One way is to explore locally. It’s said that we always treat our own city the worst we fantasize about new places and new cuisines around the world, but rarely capture that mindset when we think of the city we live in, are stationed in. But the excitement of new places does not need to exist purely a plane ride away; it could be as simple as walking around a neighbourhood you haven’t been in before. Exploring it as if you were a foreign traveler, walking slow to absorb the beauty of the architecture, the flowers, and shops you are unfamiliar with can replicate the sense of adventurousness that is craved.

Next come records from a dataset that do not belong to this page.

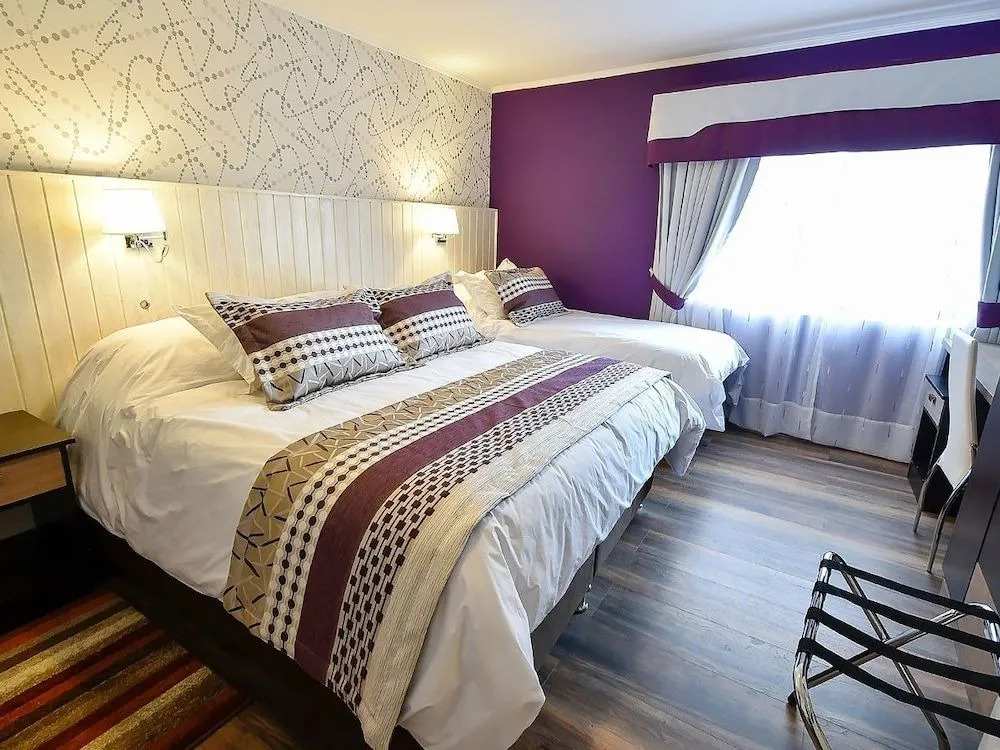 LV Hoteles Boutique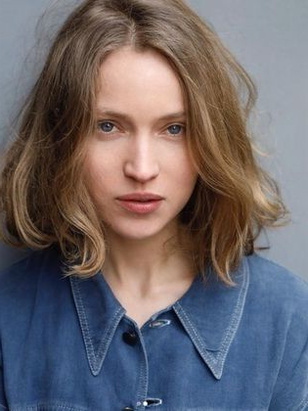 جيسيكا كريسي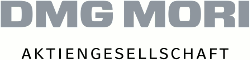 DMG MORI AKTIENGESELLSCHAFT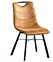 metal tube chair legs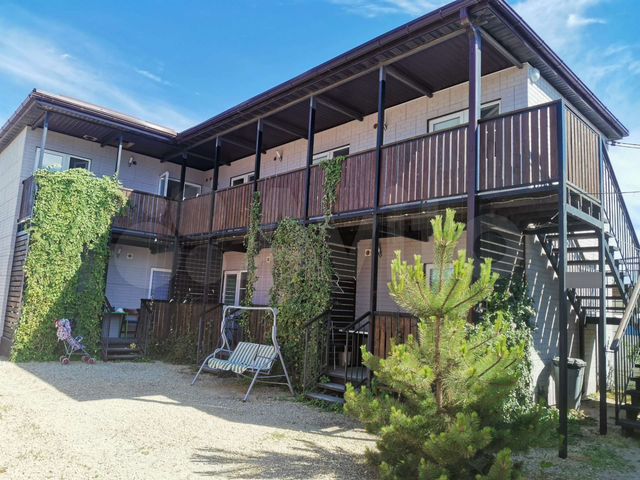 Комната 20 м², 1/2 эт.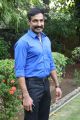 Harish Uthaman @ Thani Oruvan Movie Thanks Meet Photos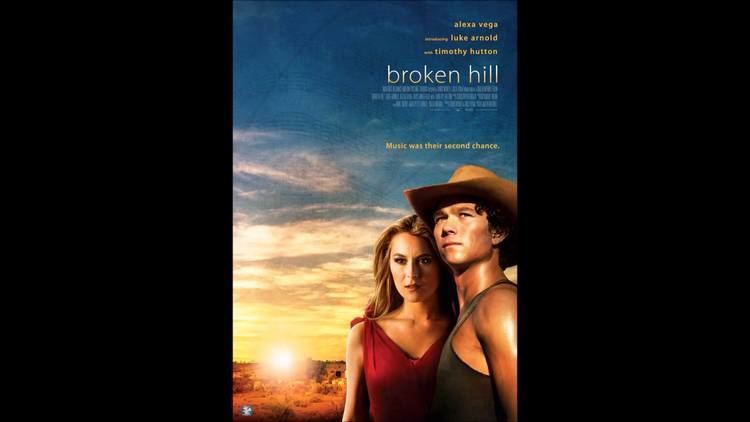 Broken Hill (film) Broken Hill 2009 Credits Soundtrack YouTube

There really is no other city like Vancouver; seemingly stacked in layers of water, beaches, and trees, sandwiching towers and expressways against a background of mountains of grey and blue. Here, you can plan for any vacation type you need, whether that be rest, adventure, or intellectual stimulation. Many local arts and culture spaces are beginning to open their doors, shops and restaurants are welcoming patrons back for socially distant experiences, and even hotels are offering appealing discounts for those wanting to truly get away. The great outdoors, however, may be the undeniable best feature of the city; nothing can compare to a bike ride along the seawall, a walk through Stanely park, or a visit to the beach at sunset, the sand bathed in golden light. Though hikes now require reservations, a trek among the hemlocks, spruces, redwoods, and cedars could prove to be the perfect daytime getaway with foliage unfurling around you, the scent of sap, and mist hanging in the air, the view at the top always does feel like seeing something for the first time. From sweating on a hike to a swim in the ocean, there is no more room for stress in our minds; perhaps Hemingway was right saying that saltwater was the cure for everything.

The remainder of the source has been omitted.